Sunday, 9 July 2017

The Battle of Hwangsanbeol and the Sacrificial Heroics of Korean Unification

The 7th century was a "foundational" time in the political history of the Korean people. At its start the Korean peninsula was divided into several states, but at its end it was more or less united, certainly more united than it is now.

The key driver of this unification was the rise of the state of Silla and the key event was the Battle of Hwangsanbeol which took place today (July 9th) in 660 AD.

Based in the South Eastern tip of the Korean peninsula, the kingdom of Silla faced three main rivals: the Japanese across the sea and the rival Korean kingdoms of Paekche to the West and Koguryo to the North.

Like the state of Prussia in 17th and 18th century Europe, this unenviable position probably accounts for its development of a superior military culture that allowed it to compete with, and ultimately conquer, larger states like Paekche and Koguryo, while also fending off the Japanese and later the Chinese.

The war of unification started as follows: Koguryo, occupying the North, was an enemy of Tang China.
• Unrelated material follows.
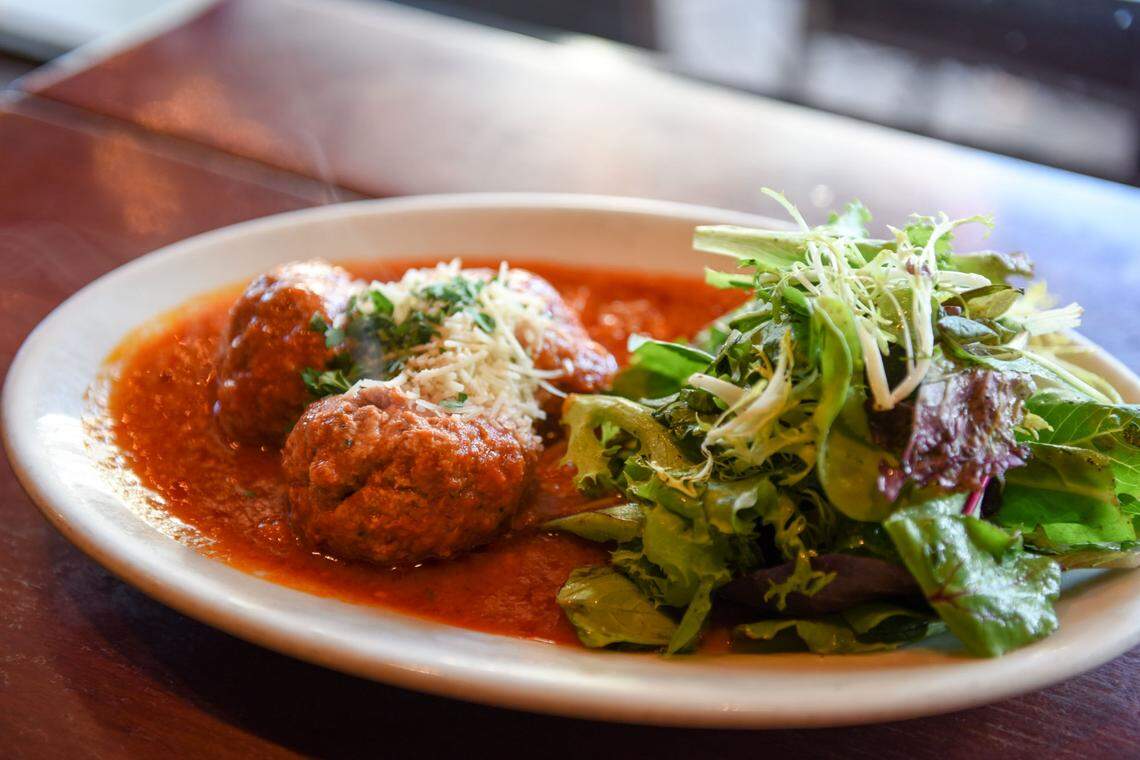 'Homemade and heavenly' meatballs at Noodles Panini. Photograph by Carina Mask.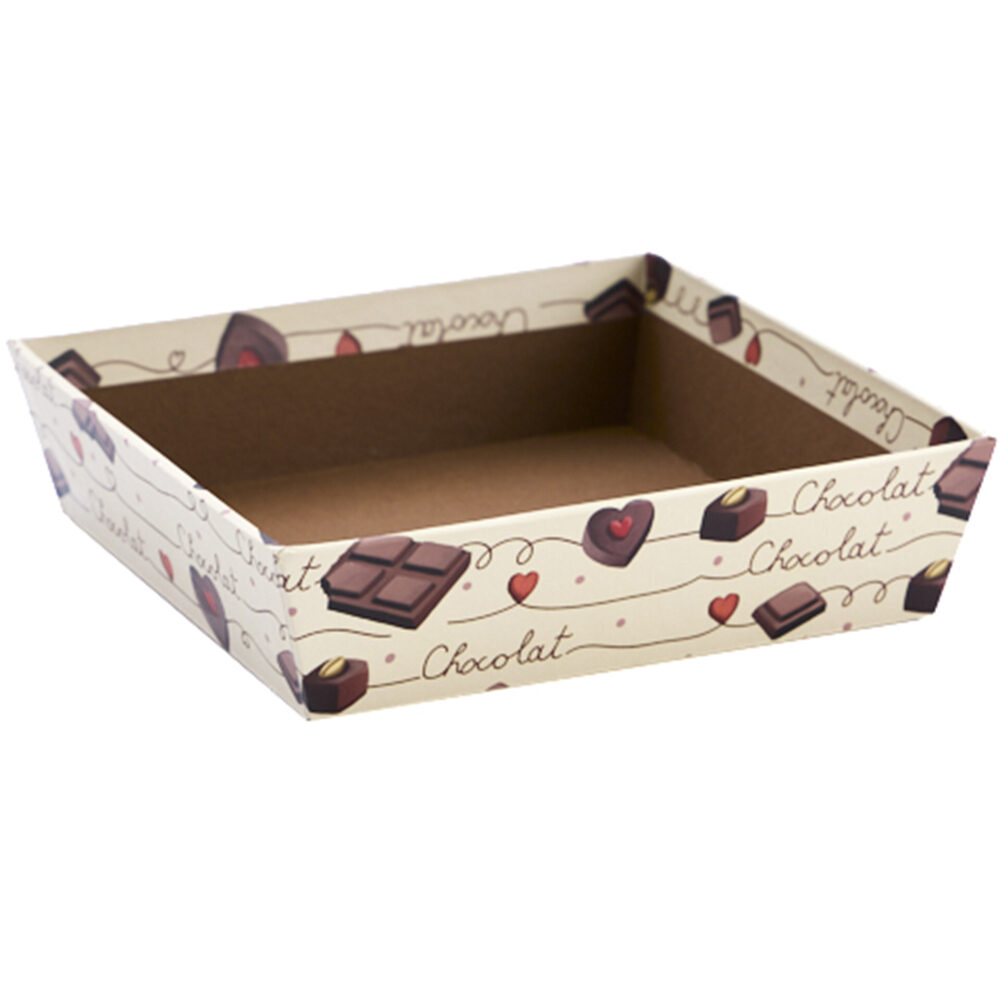 X1PC BOÎTE A CARTON CHOCOLAT 15X15XH4CM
Paekche was initially friendly to Tang China, but wanted to conquer Silla so it allied with Koguryo, opening a way for a Tang-Silla alliance.
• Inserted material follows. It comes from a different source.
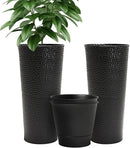 Worth Garden 2-Pack 25" H. Metal Planter with 2X Inside Pots - Hand-Hammered Texture Tall Tapered Plant Pots - Large Handcrafted Flower Pot for Indoor Outdoor, Deck, Patio, Front Porch (Black) by CozyNest Decor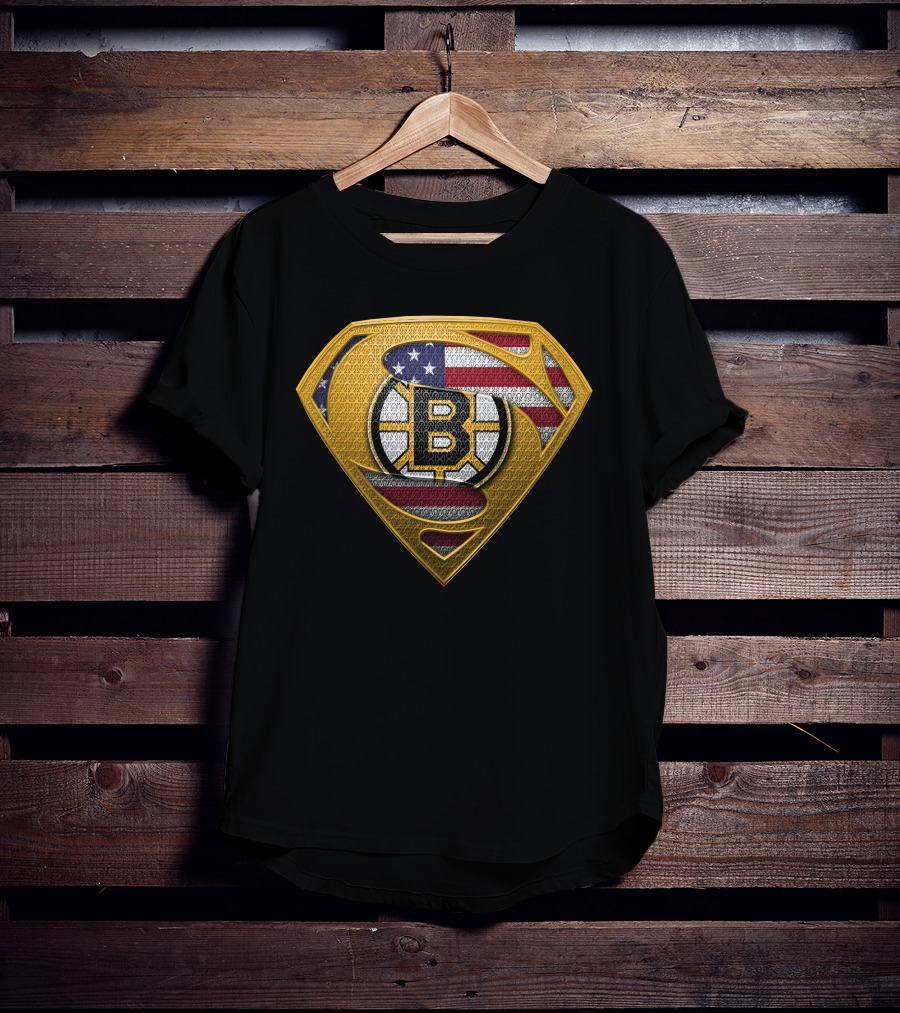 Superman Boston Bruins American Flag T-Shirt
At first the Tang-Silla alliance concentrated its forces against Koguryo, which was considered more dangerous. But in 660, they realized that a coordinated attack against the Paekche kingdom might yield better results. 

After a Silla army of 50,000 men attacked from the East and a Tang fleet with 130,000 men attacked from the West, the Paekche kingdom started to fall into disarray, and was unable to mobilize its full defensive force.

Led by General Kim Yu-Shin, the Silla forces, advanced to a place called Hwangsanbeol, where a force of 5,000 Paekche soldiers were assembled under the command of General Gyebeck to meet them. In order to concentrate his mind solely on the task in hand and to avoid being swayed by familial concerns, General Gyebeck butchered his own wife and children before the battle. Inspired to fight with equal dedication, the small Paekche army did well at first and repelled the enemy who grew demoralized.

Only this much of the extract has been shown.